De este modo, hay un problema en la película: la tensión entre su puesta en escena, entre su calculada representación que se expresa en la imagen, en la belleza de las tomas, en la arquitectura de la ciudad, y la aparente denuncia de las condiciones de un tipo de sociedad de bienestar que ha esclavizado a la fuerza que le mantiene viva. En este segundo aspecto, muchos coinciden que Metrópolis es un cuento de hadas donde se pretende la comunión entre opresores y oprimidos (quizá para el caso es interesante leer a Pilar Pedraza y su estudio, Fritz Lang, Metrópolis, 2000, donde además hay testimonios y documentos de época).
Lo maquínico
A pesar de lo dicho, Metrópolis sigue siendo sugerente y eso la eleva a ser un clásico fundamental. Y quizá más porque pone en evidencia el papel de la máquina. En el industrialismo la máquina era la promesa de futuro. En Metrópolis la máquina es esclavizante, es devoradora (es el Moloch, pronunciado en un momento por los despavoridos obreros del submundo), es la que ha dominado al ser humano hasta volverlo también en un autómata, un ser sin esencia, un ser que aspira solo la muerte; ¿hay acaso acá una especie de anticipación a los campos de concentración nazis?

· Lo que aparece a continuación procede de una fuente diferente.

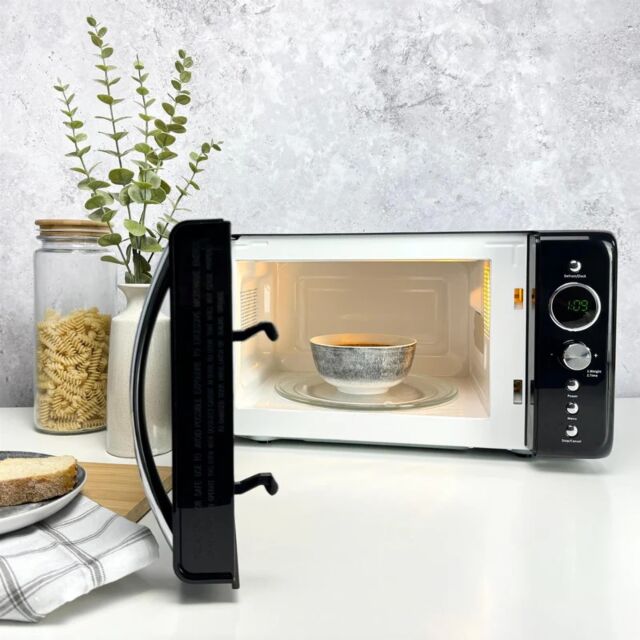 Hamilton Beach HB70H20B 20L 700W Microwave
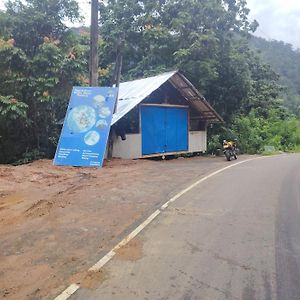 Hotel Windy Gest House Kitulgala Exterior photo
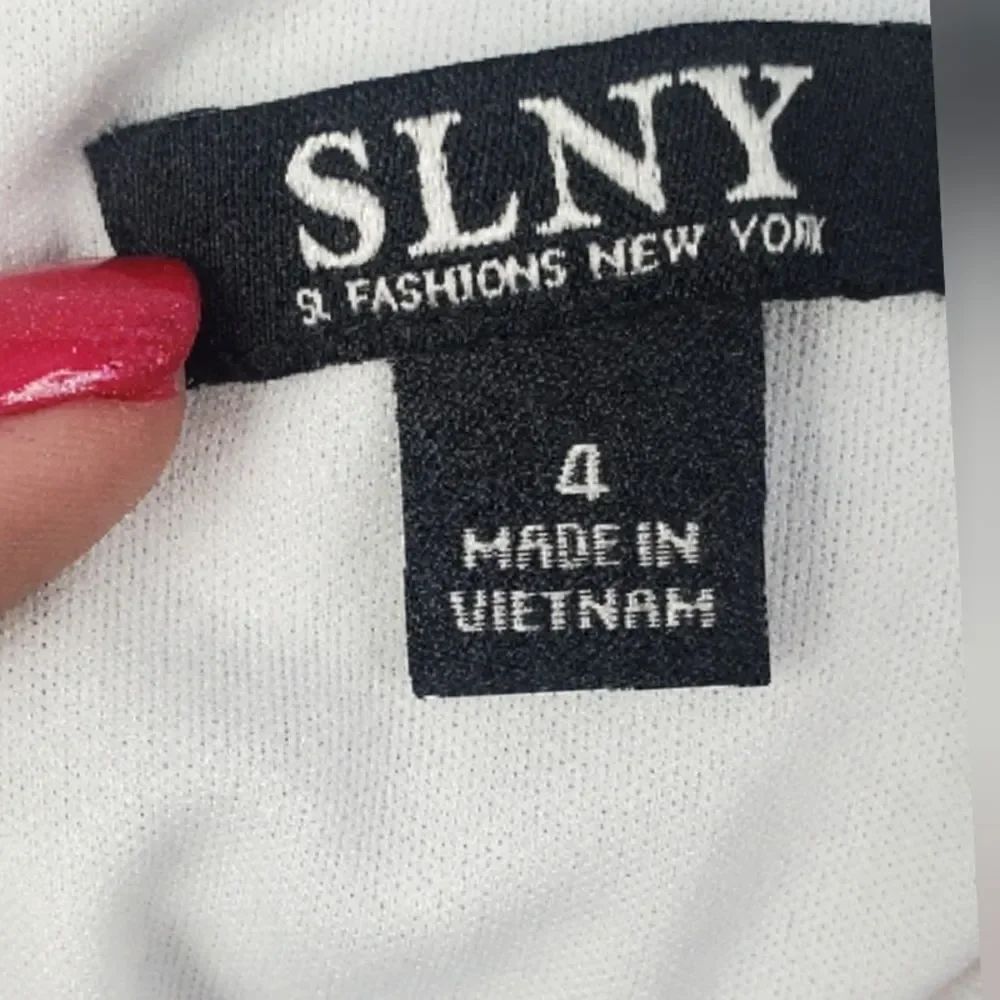 SLNY Maxi DRESS - Picture 8 of 9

Lo más llamativo, sin embargo, es esa otra máquina diseñada antropomórficamente, el robot, en realidad una robot-mujer. De hecho, esta encierra unas perversas connotaciones. Si metrópolis es la ciudad matriz, es la madre de la comunidad, etc., su parangón pareciera ser precisamente tal robot-mujer, una sensual y fría máquina que luego tomará el lugar de la heroína, María, desvirtuándola hasta convertirse en una especie de degeneración de la mujer. A su vez María es una muchacha desprovista de sensualidad, pero dotada de una belleza e inocencia: cuando se aparece de súbito en el portal de la ciudad exterior, rodeada de niños pobres, en cierta medida también está señalando a la Virgen María. ¿Misoginia, por un lado, al connotar a la mujer como una máquina malévola? ¿Desvirtuación del simbolismo de la Virgen? En todas estas representaciones creo que no hay nada de inocente, sino de una marcada estereotipización que esconde una cierta ideología materialista.

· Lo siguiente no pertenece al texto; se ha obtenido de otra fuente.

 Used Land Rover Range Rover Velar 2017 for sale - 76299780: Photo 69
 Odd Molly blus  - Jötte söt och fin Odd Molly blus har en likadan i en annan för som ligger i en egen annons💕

Pero, volviendo al tema de lo maquínico, digamos que la robot-mujer, la máquina, representa en sí la dominación y la subsunción por la vía de su propio poder generador: seduce y captura. Tanto el Moloch como la robot-mujer representan lo mismo; solo que para el mundo del opresor es el medio para aplacar el deseo de insurrección, mientras que, para el otro, el mundo del oprimido, es el camino de la muerte. Lo maquínico, de esta manera, sintetiza la distopía del mundo que pretendía desnudar Lang; por ello es que su “cuento de hadas” termine apuntando a lo romántico, es decir, el volver a mirar el origen, a la naturaleza, al mundo del mito. Por algo, Fritz Lang también contó en dos partes la saga de los Nibelungos (Die Nibelungen: Siegfried y Die Nibelungen: Kriemhilds Rache, filmadas entre 1922 y 1924), la saga que remite al origen del pueblo de su pertenencia.